There were three strikes against SF Opera's world premiere Dolores Claiborne: soprano Patricia Racette stepped into the title role three weeks ago, taking over from mezzo-soprano Dolora Zajick; we wrote a meh review of composer Tobias Picker's last opera, An American Tragedy; and Dolores Claibrone is based upon the namesake book by Stephen King, who doesn't dabble in subtlety but enjoys cheap thrills.

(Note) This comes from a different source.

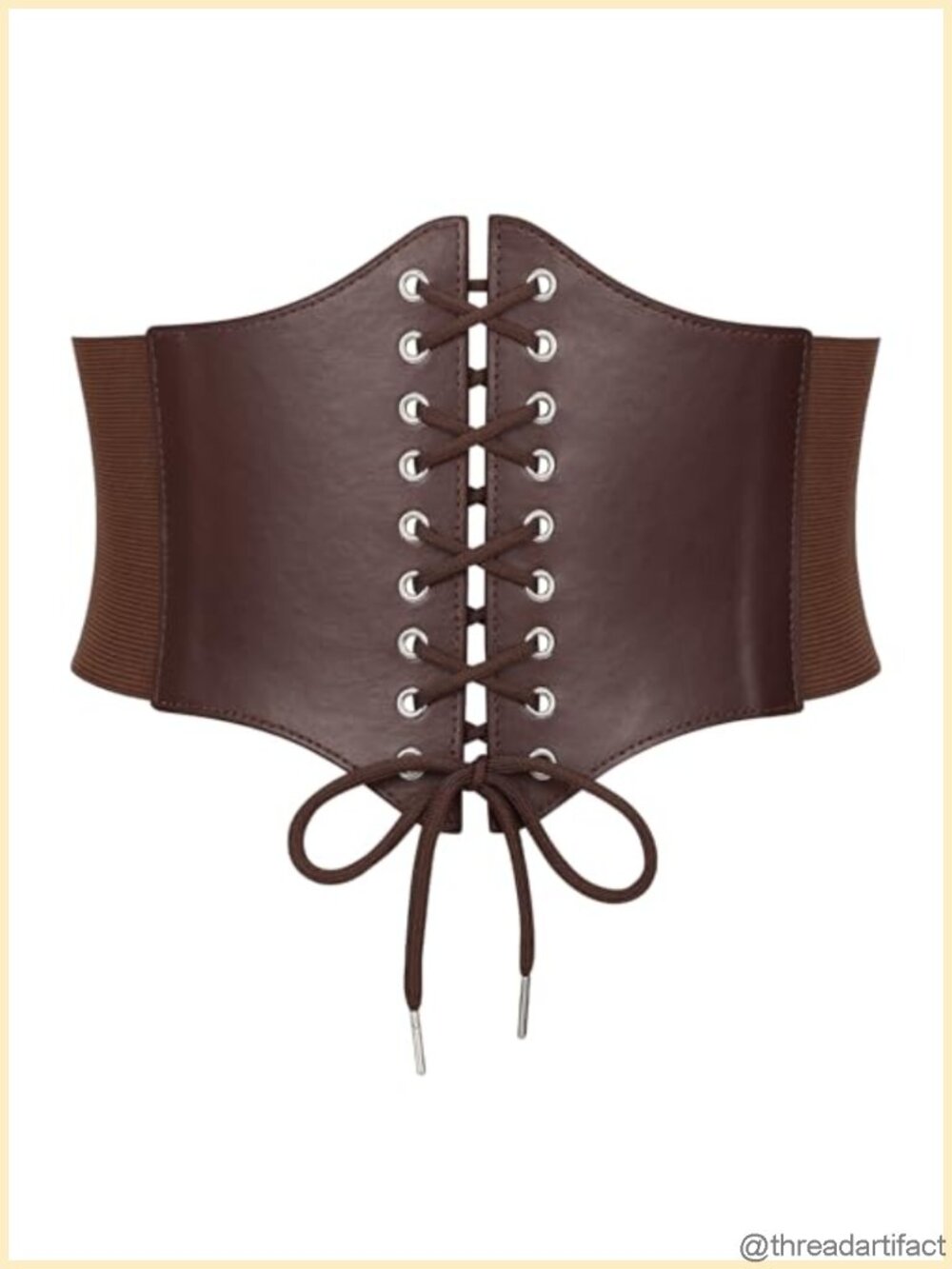 Wide Corset Belt Lace-up Elastic PU Leather Renaissance Halloween Costume
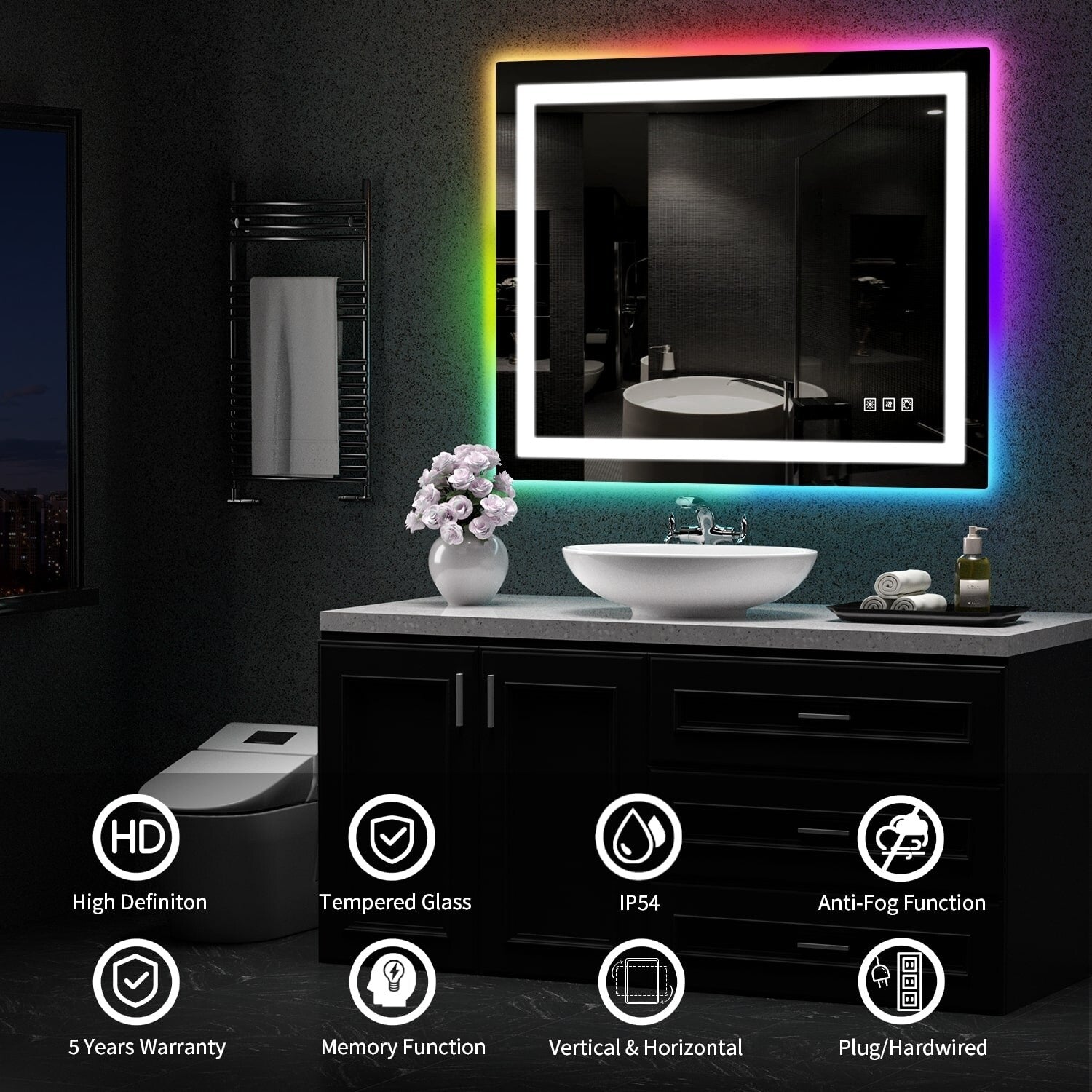 Anti-Fog RGB Backlit & LED Frontlit Bathroom Mirror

Patricia Racette not only hit it out of the ballpark, if you will, she slammed it beyond McCovey Cove and landed it on Treasure island. Never could we have guessed she first set sight on the score late August and then worked thirteen hours a day to master the intricacies of the music. She's on stage most of the two hour performance, singing harrowingly difficult lines, with unsteady rhythms and jarring intervals, often contradicted by the orchestra; and she was as smooth, as in control as if she was doing Butterfly. The role was written for a mezzo, that is in a lower range that she's used to (Picker had to make a few changes to accommodate her) but no matter, easy-peasy. Sure, certain lines would have more impact if sung by a true mezzo. When Dolores discovers that her abusive dirtbag husband Joe would like to get into their daughter's panties, she blurts an "Oh, Joe" too low for her to really work with. But that's nitpicking a truly great performance. And the acting icing sits on top of the singing cake: she was a convincing maiden in and as convincing as a tired old housekeeper last night. And the cherry on top of the frosting: perfect diction that doesn't need supertitles.